In the 1960s, Ted’s father still seemed to be a young, vigorous man in his 40s whom Ted was still quite fond of, despite Ted’s rejection of many Old Left cultural and lifestyle values which he had come to regard as too “bourgeois.” When I met Ted in 1966, he considered himself a Marxist and a communist who sought to establish “decentralized socialism” in the United States. He regarded his father’s brand of Maoism as well-meaning, but too dogmatic an ideology to be applicable to U.S. conditions.
“Marxism is a method and a tool, not a dogma,” Ted would reply if some other leftist would argue against a political position by stating that “Lenin wrote” or "Marx said” or “Mao says.”
Ted’s mother remained politically interested, despite having to use a wheelchair to move to and from her mathematics teaching job at Columbia. The other member of Ted’s immediate family was a brother, about four or five years younger than Ted, who wasn’t interested in radical politics in the 1960s.
In Fall 1966, Ted was a junior at Columbia College. His parents lived in an upper-middle-class high-rise apartment on West 93rd St. and Amsterdam Ave. While Ted’s father had gone to medical school, Ted’s parents had experienced economic hardship. But by 1966, Ted considered his parents affluent and upper-middle-class, although certainly not part of the Establishment or ruling-class. During his freshman year, Ted had lived at home with his parents. At the beginning of his sophomore year, however, he had moved into his 8th floor single dorm room in Furnald Hall.
In 1958, shortly before his 11th birthday, Ted had attended his first Civil Rights demonstration in Washington, D.C. As a boy, he had gone to summer camp with other red diaper babies at Camp Kinderland, in Upstate New York.
Ted had attended Stuyvesant High School, an elite public high school in Manhattan, where he had received high grades and had run cross-country. In high school he had kept up an interest in professional sports, college sports, the Civil Rights Movement, radical politics, folk music and dating. Because of his past attendance at high school red diaper baby social gatherings, Ted knew more women college students who attended schools other than Barnard than did the more typical Columbia student.
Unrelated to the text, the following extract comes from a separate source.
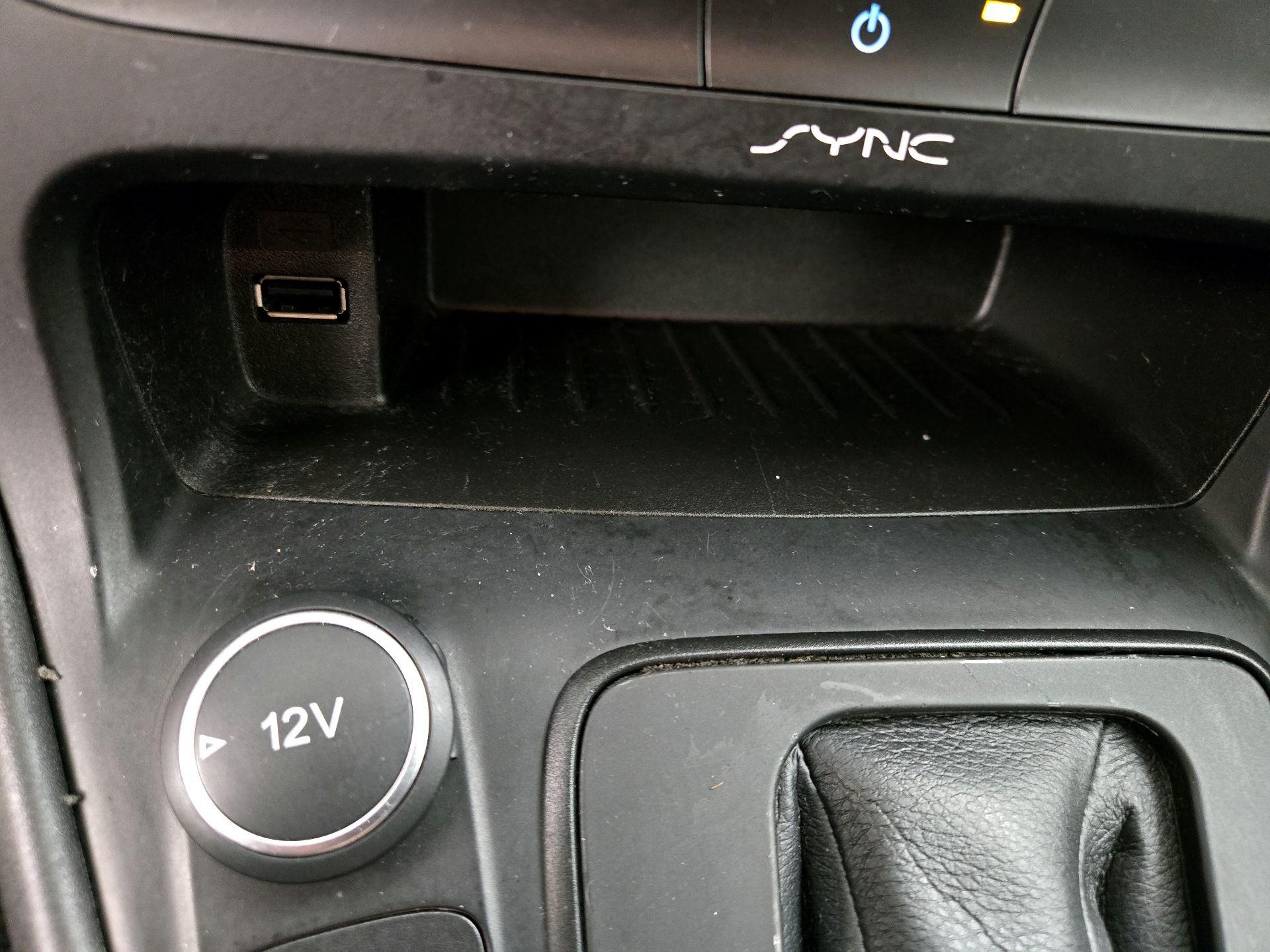 Thumbnail: 2015 Ford Focus - 18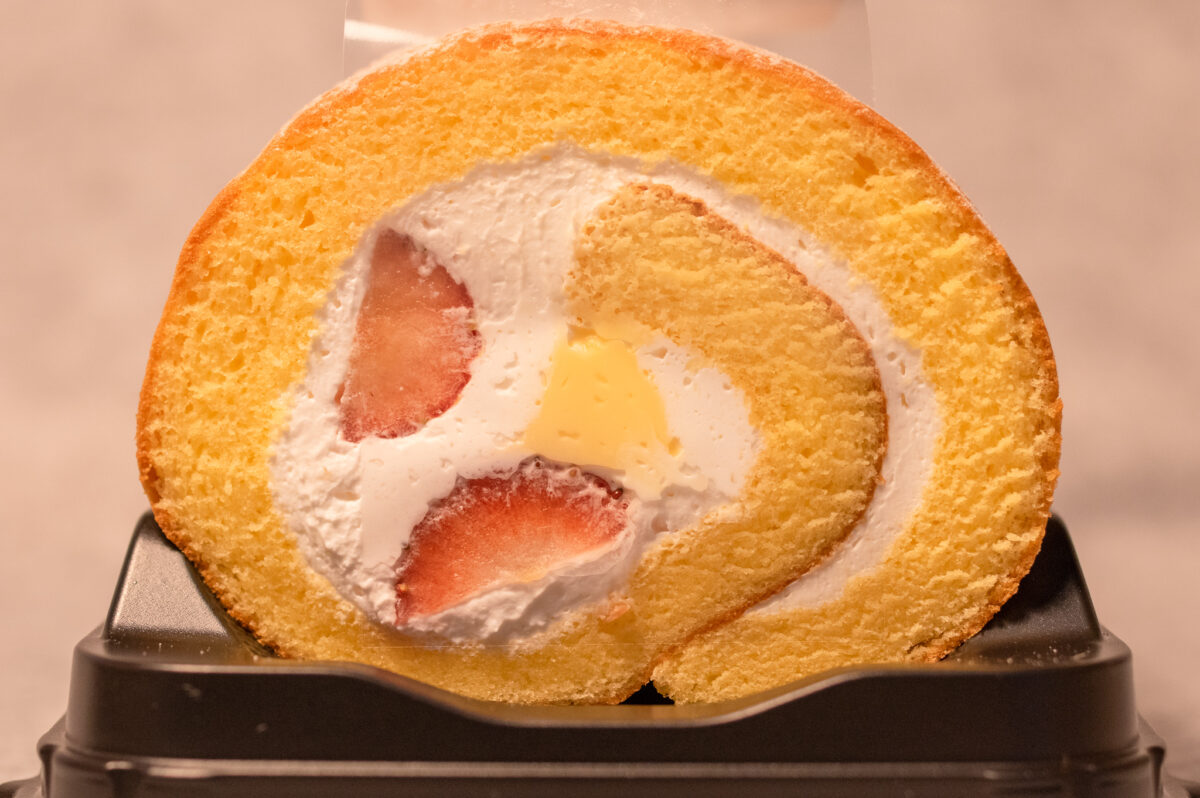 プレミアムフルーツロールの断面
Ted was a good athlete, although he was too short to have a chance to make either the basketball or football team at Columbia. He didn’t have much of a jump shot, but he was good at driving towards the basket for a lay-up and he played basketball in an intense way.
Arriving at Columbia in Fall 1964, Ted immediately became involved in campus Civil Rights activity. He worked with a sweet, hard-working white Barnard student named Barbara as one of the campus Friends of SNCC coordinators, organizing fund-raising activities for SNCC at Columbia. Ted identified more with SNCC activists than with the activists of any other 60s political group.
Initially, Ted had planned to major in Mathematics at Columbia. But by his junior year, Ted had decided that sociology was a more relevant field for him. He was emotionally involved with a college student named Judith, who was attending a school outside of New York City.